Instructions to follow
Reproduce exactly the lines of this material that begin at the line with "For sale 3 bedrooms" and end at the line with "qwer_fan-20260610-204056-038.webp", both included. Omit the pictures and everything else.

Records for this task
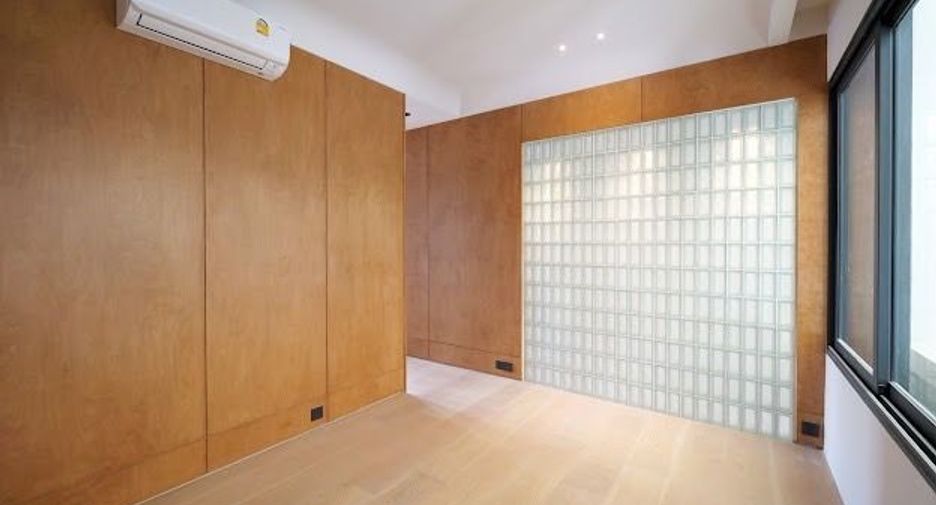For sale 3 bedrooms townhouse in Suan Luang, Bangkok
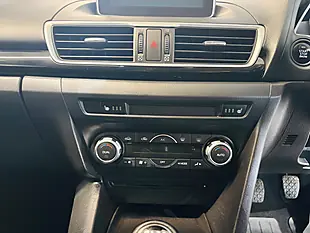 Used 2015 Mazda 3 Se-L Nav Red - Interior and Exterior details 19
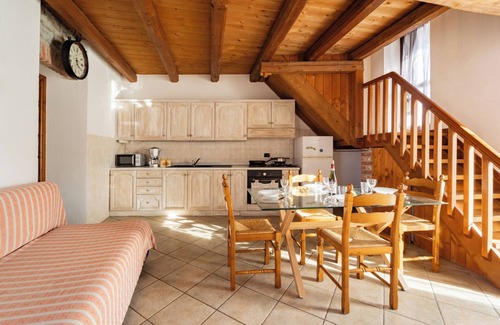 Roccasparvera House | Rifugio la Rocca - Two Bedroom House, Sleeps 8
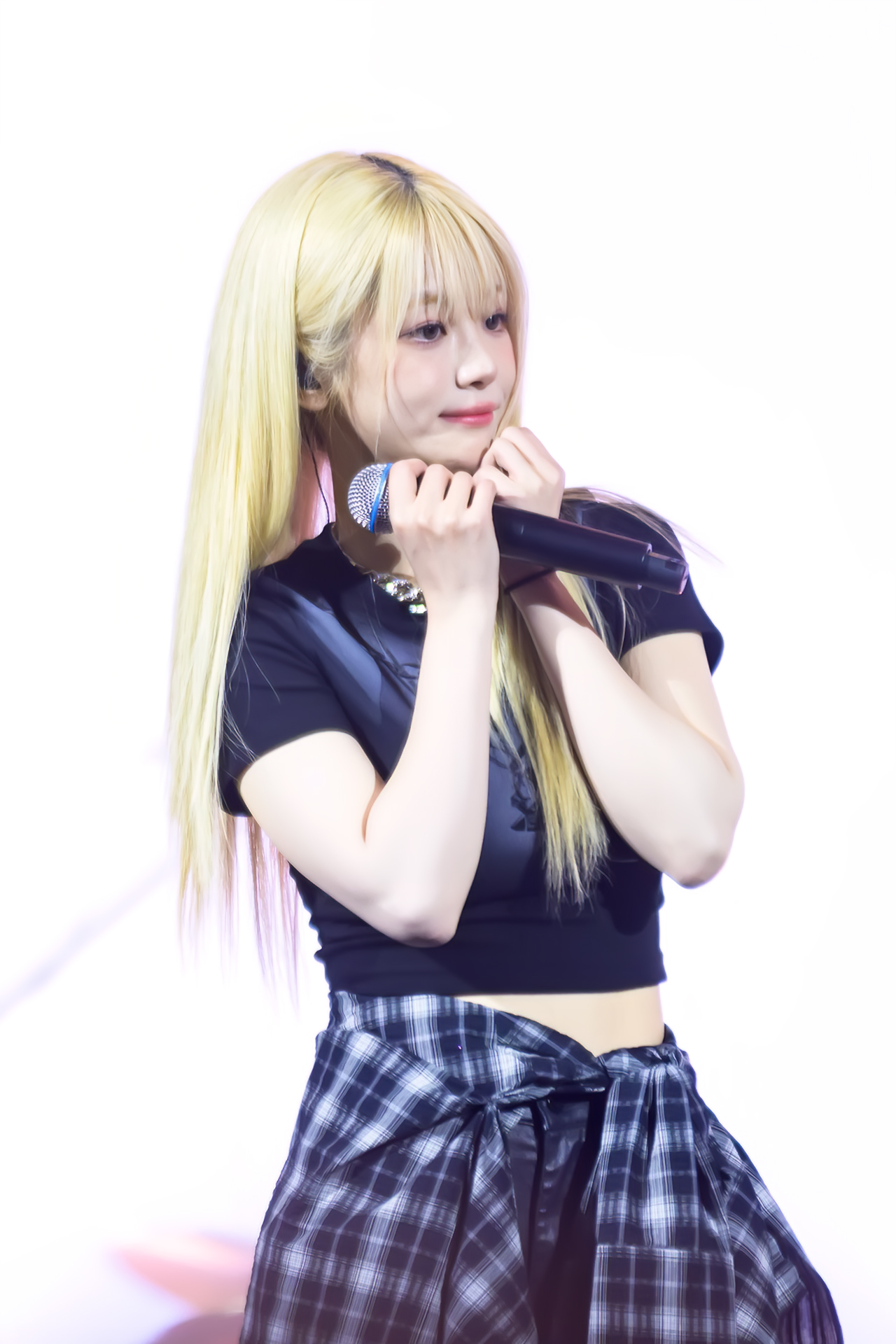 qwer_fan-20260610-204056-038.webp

---

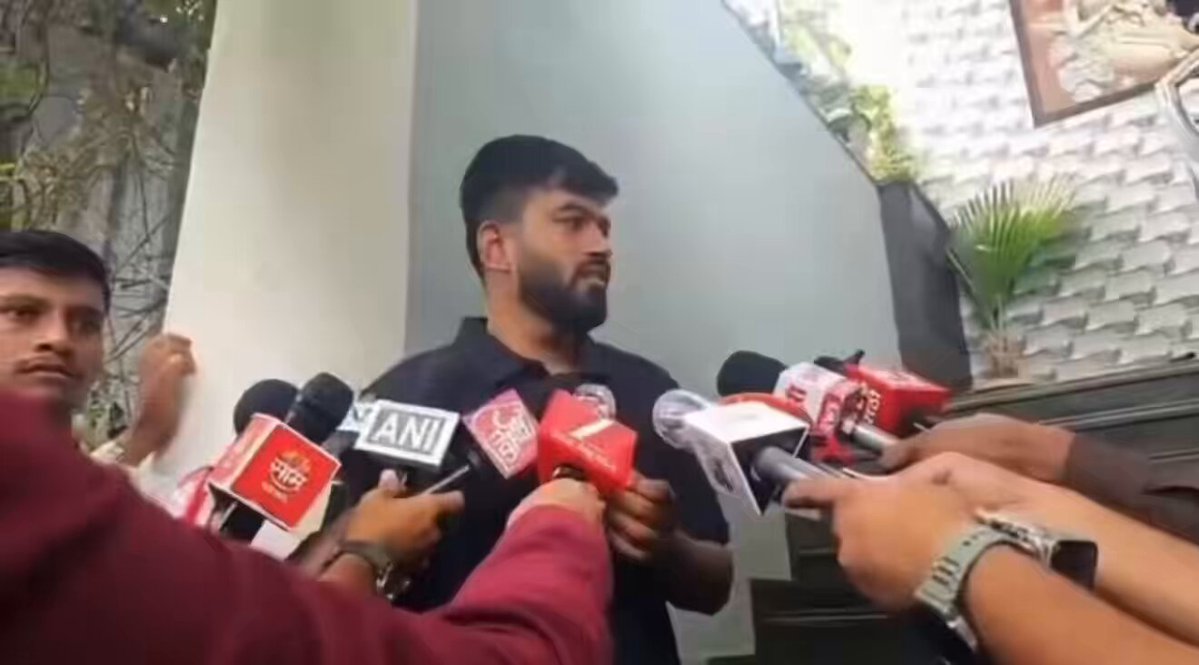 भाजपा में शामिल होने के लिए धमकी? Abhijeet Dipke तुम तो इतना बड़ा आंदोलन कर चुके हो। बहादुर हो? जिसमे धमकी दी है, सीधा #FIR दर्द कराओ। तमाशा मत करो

Solution to this exercise
For sale 3 bedrooms townhouse in Suan Luang, Bangkok
 Used 2015 Mazda 3 Se-L Nav Red - Interior and Exterior details 19
 Roccasparvera House | Rifugio la Rocca - Two Bedroom House, Sleeps 8
 qwer_fan-20260610-204056-038.webp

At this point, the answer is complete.